Last modified: 2008-12-09 00:27:06 UTC

Wikimedia Bugzilla is closed!

Wikimedia migrated from Bugzilla to Phabricator. Bug reports are handled in Wikimedia Phabricator.
This static website is read-only and for historical purposes. It is not possible to log in and except for displaying bug reports and their history, links might be broken. See T16268, the corresponding Phabricator task for complete and up-to-date bug report information.
Bug 14268 - SVG handler uses an "uber-crappy hack" instead of a real XML parser
SVG handler uses an "uber-crappy hack" instead of a real XML parser
Status: RESOLVED FIXED
Product: MediaWiki
Classification: Unclassified
File management (Other open bugs)
unspecified
All All
: Normal minor with 1 vote (vote)
: ---
Assigned To: Brion Vibber
: patch, patch-need-review
Depends on:
Blocks:
  Show dependency treegraph
 
Reported: 2008-05-26 09:41 UTC by Mormegil
Modified: 2008-12-09 00:27 UTC (History)
4 users (show)

See Also:
Web browser: ---
Mobile Platform: ---
Assignee Huggle Beta Tester: ---


Attachments
Proposed patch (2.71 KB, patch)
2008-05-26 11:29 UTC, Max Semenik
Details
New patch (2.74 KB, patch)
2008-05-29 15:26 UTC, Max Semenik
Details
Updated patch (3.39 KB, patch)
2008-06-16 14:53 UTC, Chad H.
Details
Sample UTF-16 SVG (882.71 KB, image/svg+xml)
2008-12-09 00:23 UTC, Brion Vibber
Details

Description Mormegil 2008-05-26 09:41:58 UTC
wfGetSVGsize (in ImageFunctions.php) tries to detect the dimensions of a SVG file by looking for /<svg\s*([^>]*)\s*>/ in the first 4096 bytes of the file, acknowledging “Uber-crappy hack! Run through a real XML parser.” If it does not find the header by this method, it assumes the file is not a valid SVG file, and therefore, refuses to render its thumb on the image description page, replacing it with an icon.

This can break in many ways, especially with regards to XML comments: if the file starts with a big comment, the <svg> header might not fit into the first 4096 bytes of the file, or, if the comment contains <svg> it is mistaken for the real header.

Specifically, this happenned on http://commons.wikimedia.org/wiki/Image:Stub-icon_linguistics.svg (see version 16:57, 23. 5. 2008, marked 0×0) – the file begins with the full text of the GNU Free Documentation License, moving the SVG header outside the 4096 B limit.
Comment 1 Max Semenik 2008-05-26 11:29:28 UTC
Created attachment 4925 [details]
Proposed patch
Comment 2 Brion Vibber 2008-05-28 00:31:42 UTC
Looks good!

A couple quick tweaks -- the current patch version will give false positives to invalid files using upper- or mixed-case elements and attribute names. Use xml_parser_set_option() to disable case-folding; you can then check against the correct, lowercase element & attribute names.
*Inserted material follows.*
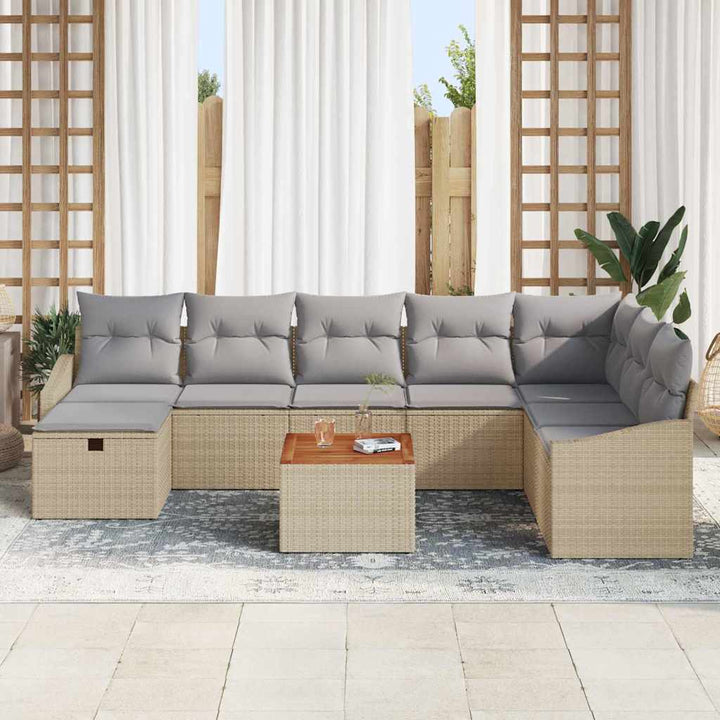 Havesofa Sæt 9 stk. Beige polyrattan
It may also get confused by embedded <svg> elements (I'm not 100% sure that's legal or not but have the vague impression it may be); to be safe, disable the element handler once it's run for the first element.
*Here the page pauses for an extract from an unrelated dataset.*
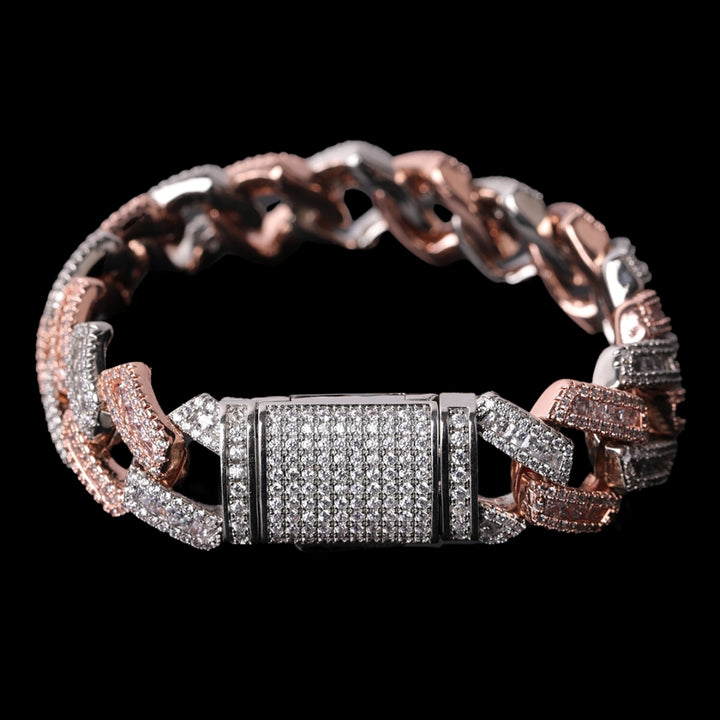 14MM Elegant Thick Iced Out Diamond Bracelet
See XmlTypeCheck.php for a somewhat similar bit of code... It may actually make some sense to merge them in some tricky way, say by having the type check object retain the attributes of the root element.
Comment 3 Max Semenik 2008-05-29 15:26:07 UTC
Created attachment 4935 [details]
New patch

(In reply to comment #2)
> Looks good!
> 
> A couple quick tweaks -- the current patch version will give false positives to
> invalid files using upper- or mixed-case elements and attribute names. Use
> xml_parser_set_option() to disable case-folding; you can then check against the
> correct, lowercase element & attribute names.
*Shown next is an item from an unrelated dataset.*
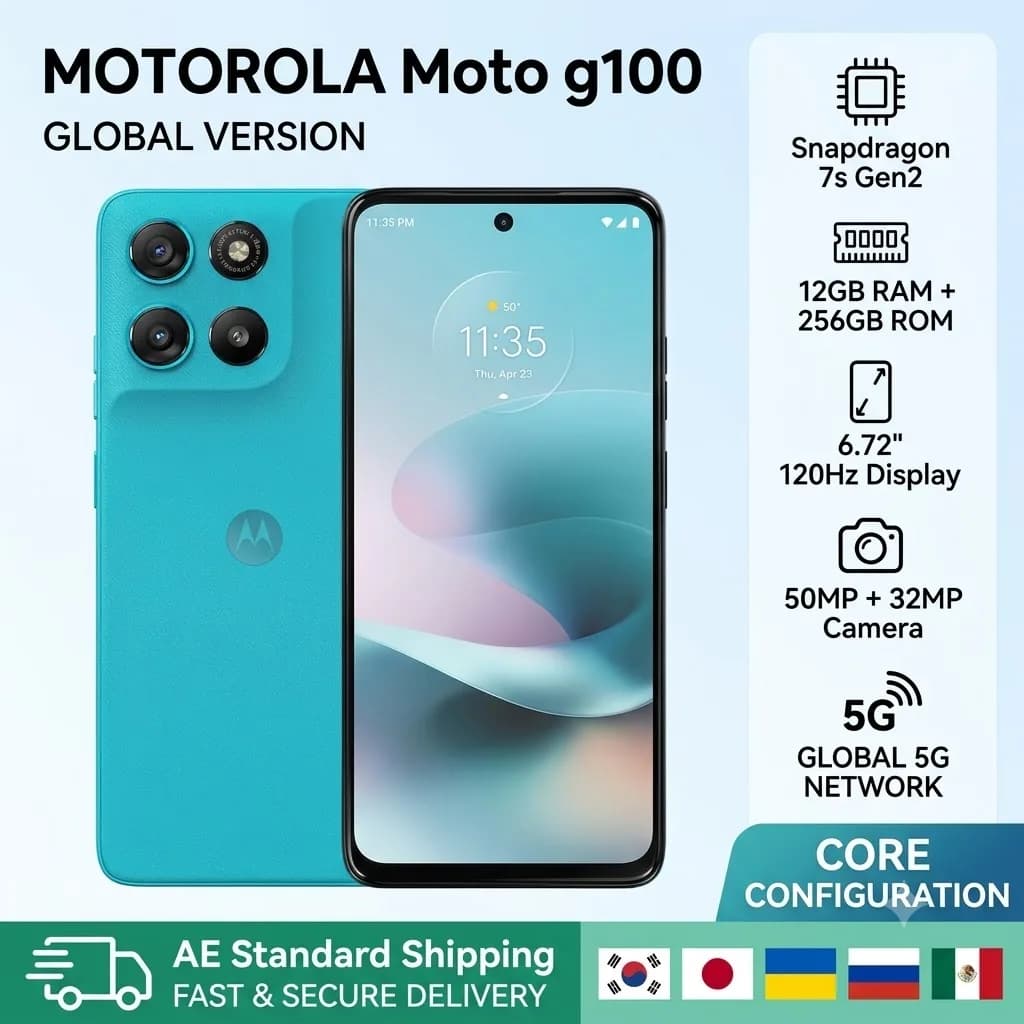 Global Rom Lenovo Motorola G100 Snapdragon 7s Gen2 LPDDR4X 6.72inch 2400*1080 LCD Screen 120HZ TypeC 30W Charging 2.4GHz Phone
Yup, Opera, FF and Inkscape don't accept such deviations, my bad.

> It may also get confused by embedded <svg> elements (I'm not 100% sure that's
> legal or not but have the vague impression it may be); to be safe, disable the
> element handler once it's run for the first element.

Fixed in new patch.

> See XmlTypeCheck.php for a somewhat similar bit of code... It may actually make
> some sense to merge them in some tricky way, say by having the type check
> object retain the attributes of the root element.

Later, we may need to add more options to SvgInfo, so it shouldn't be forced by design to parse only root element.
Comment 4 Brion Vibber 2008-05-29 18:38:02 UTC
Couple remaining problems...

First, PHP spews notices due to use of undefined variables in wfGetSVGsize():

<b>Notice</b>:  Undefined variable: width in <b>/Library/WebServer/Documents/trunk/includes/ImageFunctions.php</b> on line <b>93</b><br />

<b>Notice</b>:  Undefined variable: height in <b>/Library/WebServer/Documents/trunk/includes/ImageFunctions.php</b> on line <b>93</b><br />

Be sure to test your code with error_reporting pegged up to at least E_ALL!


Second, it looks like the current code will incorrectly pass through a document whose root element isn't a <svg> at all, continuing on until it finds one later in the document. In most cases such a document won't reach this point (it should have gotten rejected on upload), but it would be better to work correctly.


Third, it doesn't appear to be doing any namespace checking, so will fail entirely on SVG files which use an XML namespace prefix on the root element.


Since XmlTypeCheck already handles those two cases, and there currently exists no other requirement which the SvgInfo class actually handles, my recommendation still stands to add a root attribute accessor to XmlTypeCheck and use that in place of the SvgInfo class. This would accomplish all required goals with less code and less code duplication, increasing reliability and maintainability of the code.
Comment 5 Brion Vibber 2008-05-29 18:44:20 UTC
And one last issue; it's not actually required for an SVG to specify width and height attributes, in which case "100%" is assumed for each when not provided.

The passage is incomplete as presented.